少しわざとらしいかもしれないけどフォローしてみる。


「セレナ、それはちょっと変だよ。観測できないことを脳の領域にあると断定する事は理屈が合わない。リリスが魔術で感覚的に読み取れるのは理解するけども、私の知識に『そんな魔術体系は存在しない』んだけども…。」


やばい、メイは魔術への造詣もある程度あるのか。


「わたしの知識は女神ルミナスより与えられた『理力』を用いる際に必要とされる知識からもたらされたものよ。別に私個人がソレらを観測したり研究したわけじゃないわ。」

これで納得して―


「『理力』…聖女セレナが各地で起こした奇跡のちからの呼び名だっけ?そういった私達の世界にない知識を根底に行使するような力なんだね…?リリスの『夢見』とかいうのも『理力』とは別系統ながらも一定の論理に基づいて構成されている力…なのかな。」

―くれないか。


あー、興味持っちゃった。

これだから『天才』は嫌なんだ。

未知の知識に対応すべく全力で自分の知識をもって比較検証して解明しようとする無意識的行動。
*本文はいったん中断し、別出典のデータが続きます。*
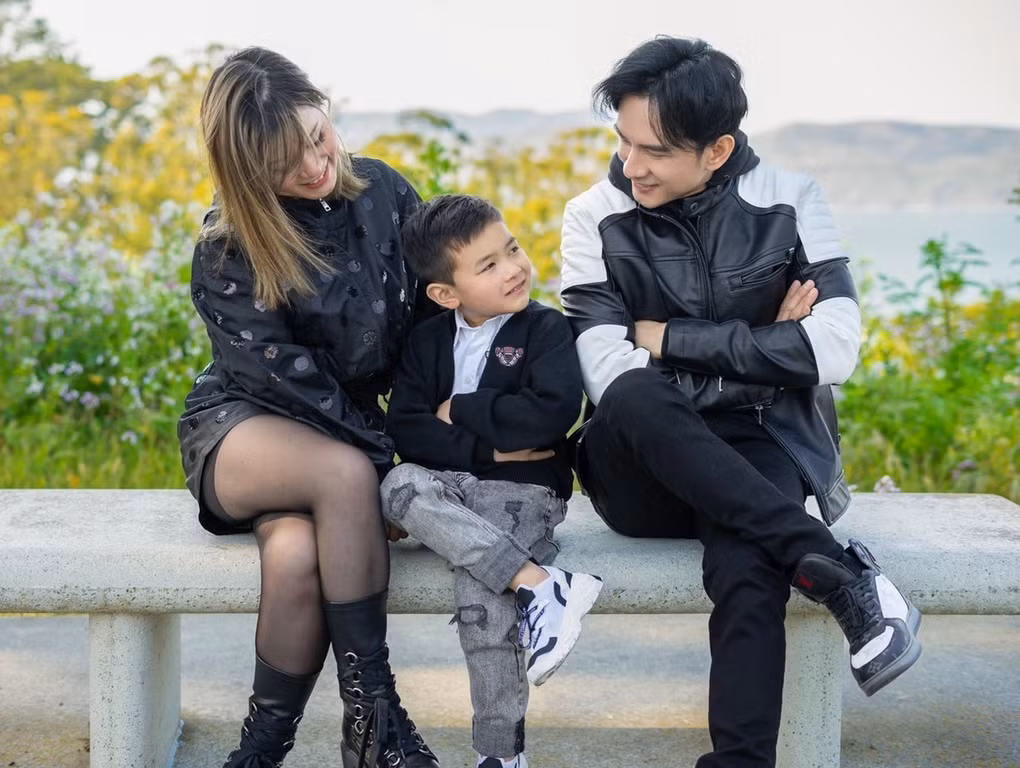 Thủy Tiên cũng luôn quan tâm người nhà của Đan Trường. Nữ doanh nhân thường xuyên hỏi thăm gia đình chồng cũ, giúp đỡ khi mẹ và em gái Đan Trường sang Mỹ định cư. Khi chồng cũ sang Mỹ lưu diễn, cô đưa bé Thiên Từ đến thăm bà nội (Ảnh: Facebook nhân vật).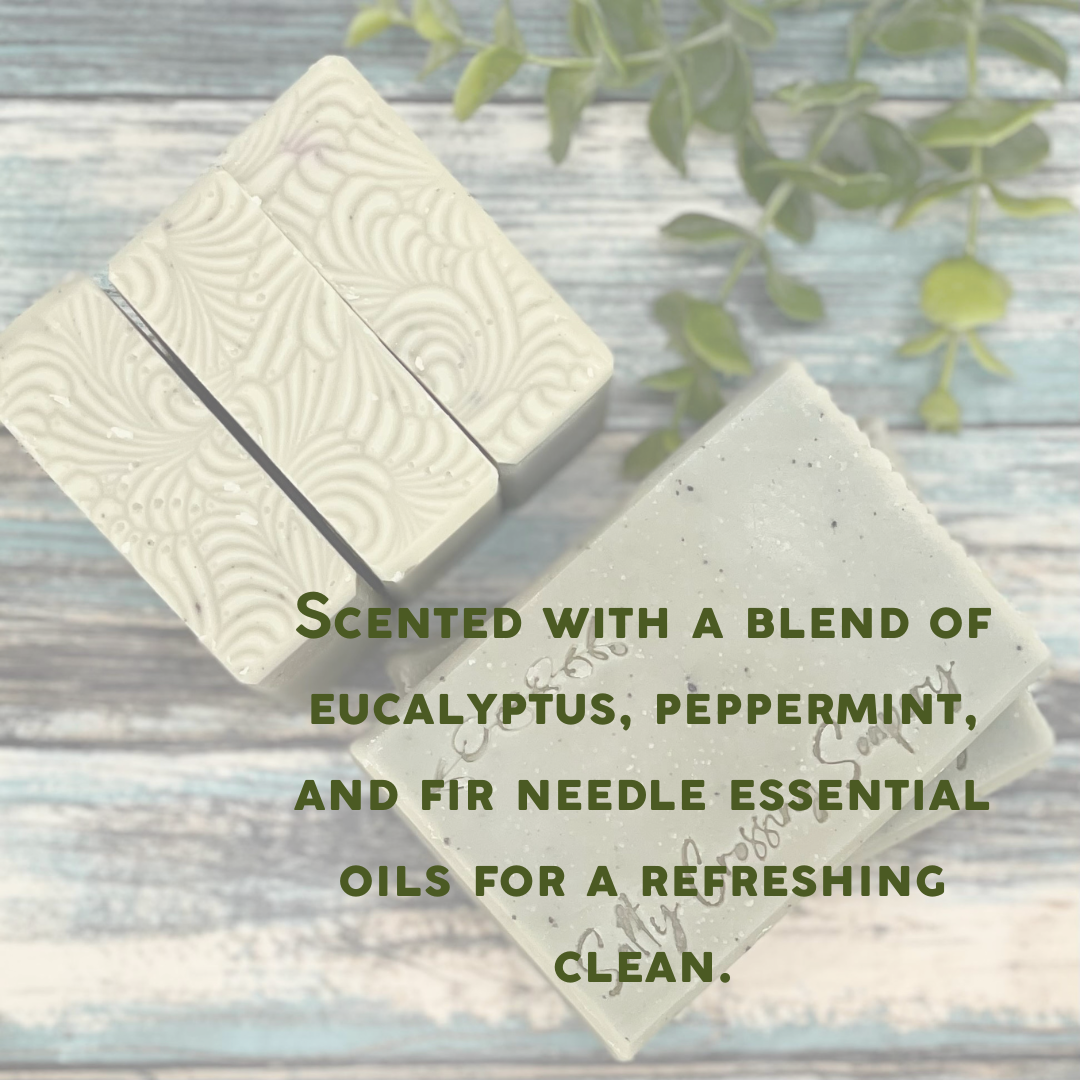 Scented with a blend of eucalyptus, peppermint, and fire needle for a refreshing clean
ここでメイの言動を聞いていた時に一番最初に思いついた『嫌な予感』。

メイは私の仲間である『ソフィア・ディ・ブレイズ』と同じタイプ、幼少の頃から稀代の天才魔術師と呼ばれる様な人種、知識に飢えた天才肌なんだ。


このタイプが没頭するとろくな事にならな―


ギュゥ。


痛い、ほっぺを左右同時につねられた。


「はい、そこまでー。二人は脱線の天才ですかー。未知の知識の解明は後にしてくださーい。今は私の話をきいてくださーい。」


「痛い痛い、耳をひっぱらないで!脱線してごめんなさい!」

メイが悲鳴をあげてる。


「ふぁい、しゃふぇりふらいのへひっはらないへふははい。」


「えっ、セレナも両ほっぺ?!私両耳!?」


「ひひふほまふふへ。」


「メイは魔術で引っ張られてるように認識させてるだけ。セレナのほっぺは私が引っ張ってます。」


「ひぇー…凄いなぁ『夢見』本当に指で引っ張られてる感触しかない。」


「はまひへ。」


「セレナのほっぺ、すごくふにふにして柔らかい。癖になる。」


「えっ、ほんと。」


「はまへ。」


「わぁ…新感覚。」


「ねー。」


「ひまいひはまふあお。」


「「はーい、ごめんなさーい。」」


離したと思ったら…ほっぺを揉むな。




しばらくそうしていた二人だが、リリスが私の頬をこねていた手を離したかと思うと…


「さ、じゃぁ私の力で具体的に干渉してみましょうか!」

そういってパッと立ち上がった。


「これから何が起きるんです?」

メイが立ち上がったリリスを見上げながらぽつり。


「私もわかんない。ほっぺ揉むのやめて。」


「メイも、名残惜しいのはわかるけどセレナを離してあげてね。」


「はーい。」

メイが渋々手を離して私の頬を開放した。


ひとのほっぺを名残惜しむな。




「セレナ、準備していたアレを使います。メイの正面を空けてあげて。」

リリスは手招きで私に場所を移すように促す。


「ん、わかったわ。」

状況を理解した私はすぐさまリリスの要求に応じて、メイの包容からスルリと立ち上がる。


「アレ…ってなんだろ。」

ちょっと不安そうにしつつも待機しつづけるメイ。


「怖がらないで、メイ。大丈夫。今から私の魔術で現実世界の貴女の感覚を夢の世界と接続していきます、同時に現実の貴女が手にしている『あるもの』をこの夢の世界に顕在化させます。」


「う、うん。」


「何も抵抗とか、必死に考えたり、思い出そうとしたりしなくても…きっと、大丈夫。貴女の奥底に眠る記憶が、きっとそれを認識して貴女の思い出を少しづつ蘇らせてくれるわ。」


「…はい。お願いします。」



メイの返事を聞いたリリスは、ニッコリと優しく微笑んだ。

そしてゆっくりと両手を広げ、小さく息を吸った後、深く静かに息を吐く。




いつの間にか不思議な感覚が『その場』に満ちているのを感じる。

今までややぼんやりとした触感と、すこしぼやけたような視覚、ちょっとだけふわりとした声が耳に届いているだけだった。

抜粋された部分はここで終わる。